PROBLEM STATEMENT :: Print all the data that follows exactly, images excluded.

DATA SECTION ::
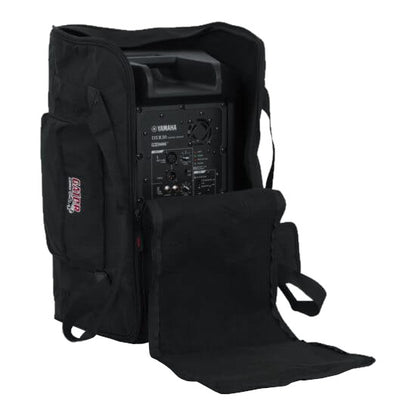 Gator GPA-TOTE10 Lightweight Speaker Tote Bag interior with speaker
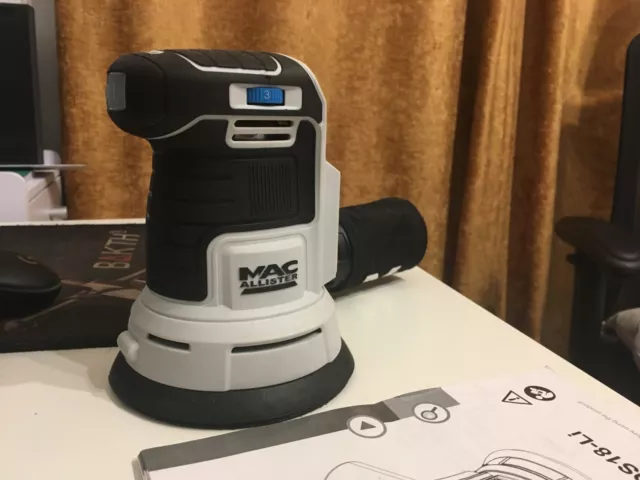 Macallister random clearance orbital sander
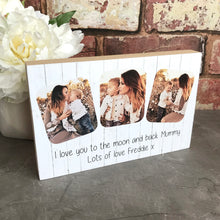 Load image into Gallery viewer, 1056 - Mummy Photoblock - To the world...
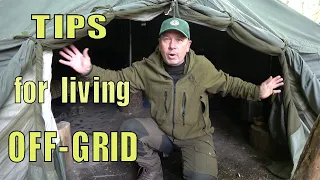 How to Live OFF GRID Longterm in the Woods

RESPONSE ::
 Gator GPA-TOTE10 Lightweight Speaker Tote Bag interior with speaker
 Macallister random clearance orbital sander
 Load image into Gallery viewer, 1056 - Mummy Photoblock - To the world...
 How to Live OFF GRID Longterm in the Woods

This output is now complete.